Ingredients:
- 1 ½ cups (300g) Japanese short-grain rice (sushi rice)
- 1 ½ cups (360ml) Water, filtered or tap water
- 3 tablespoons (45ml) Rice vinegar (unseasoned)
- 1 ½ tablespoons (22.5g) Granulated sugar
- ¾ teaspoon (4g) Kosher salt
Instructions:
- Thoroughly rinse the sushi rice under cold running water until the water runs clear. This removes excess starch and prevents stickiness.
- Combine the rinsed rice and water in the saucepan (or rice cooker). Bring to a boil over medium-high heat, then reduce the heat to low, cover tightly, and simmer for 15 minutes.
- Turn off the heat and let the rice steam, covered, for another 10 minutes. Do not lift the lid during this time!
- While the rice is resting, whisk together the rice vinegar, sugar, and salt in a small bowl until the sugar and salt are completely dissolved.
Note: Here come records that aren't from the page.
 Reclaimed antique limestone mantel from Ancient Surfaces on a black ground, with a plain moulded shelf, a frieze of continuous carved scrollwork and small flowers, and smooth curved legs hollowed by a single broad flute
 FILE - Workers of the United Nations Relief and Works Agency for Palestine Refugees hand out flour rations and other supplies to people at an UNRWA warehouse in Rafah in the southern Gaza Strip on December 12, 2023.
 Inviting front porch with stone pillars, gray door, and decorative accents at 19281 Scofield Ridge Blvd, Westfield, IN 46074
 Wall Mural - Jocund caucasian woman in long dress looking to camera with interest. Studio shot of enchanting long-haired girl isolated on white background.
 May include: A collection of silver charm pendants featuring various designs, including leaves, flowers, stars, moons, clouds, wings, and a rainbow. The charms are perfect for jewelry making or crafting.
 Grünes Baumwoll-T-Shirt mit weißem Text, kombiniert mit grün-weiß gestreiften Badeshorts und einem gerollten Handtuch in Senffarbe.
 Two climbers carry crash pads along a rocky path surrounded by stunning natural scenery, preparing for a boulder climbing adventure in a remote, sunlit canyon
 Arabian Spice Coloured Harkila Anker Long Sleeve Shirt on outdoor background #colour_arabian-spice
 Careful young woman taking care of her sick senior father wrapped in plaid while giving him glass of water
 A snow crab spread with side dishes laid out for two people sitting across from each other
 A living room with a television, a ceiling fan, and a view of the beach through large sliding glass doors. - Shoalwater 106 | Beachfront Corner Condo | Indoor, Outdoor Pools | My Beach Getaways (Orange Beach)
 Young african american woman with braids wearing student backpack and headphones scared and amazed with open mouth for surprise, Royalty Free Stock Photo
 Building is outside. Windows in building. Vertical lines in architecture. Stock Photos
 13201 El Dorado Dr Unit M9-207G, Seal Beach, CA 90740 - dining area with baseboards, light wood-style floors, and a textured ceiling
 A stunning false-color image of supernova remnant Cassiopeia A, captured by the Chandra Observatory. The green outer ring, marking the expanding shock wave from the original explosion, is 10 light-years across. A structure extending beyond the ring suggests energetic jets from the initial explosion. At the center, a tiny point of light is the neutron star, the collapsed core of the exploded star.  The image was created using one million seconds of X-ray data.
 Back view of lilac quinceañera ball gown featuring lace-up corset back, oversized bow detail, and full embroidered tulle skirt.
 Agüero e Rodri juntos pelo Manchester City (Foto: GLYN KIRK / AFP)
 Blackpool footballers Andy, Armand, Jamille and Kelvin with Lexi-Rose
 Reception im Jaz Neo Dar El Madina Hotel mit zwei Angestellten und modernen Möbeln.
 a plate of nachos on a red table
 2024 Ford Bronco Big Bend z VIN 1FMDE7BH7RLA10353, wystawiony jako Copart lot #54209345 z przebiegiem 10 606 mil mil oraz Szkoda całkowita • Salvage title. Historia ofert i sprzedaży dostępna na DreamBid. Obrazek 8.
- Gently transfer the cooked rice to a large bowl (or Hangiri). Sprinkle the sushi vinegar mixture evenly over the rice.
- Using a wooden spoon or rice paddle, gently cut and fold the vinegar into the rice, being careful not to mash it. Fan the rice with a paper fan or by gently waving a clean tea towel to cool it down quickly to body temperature.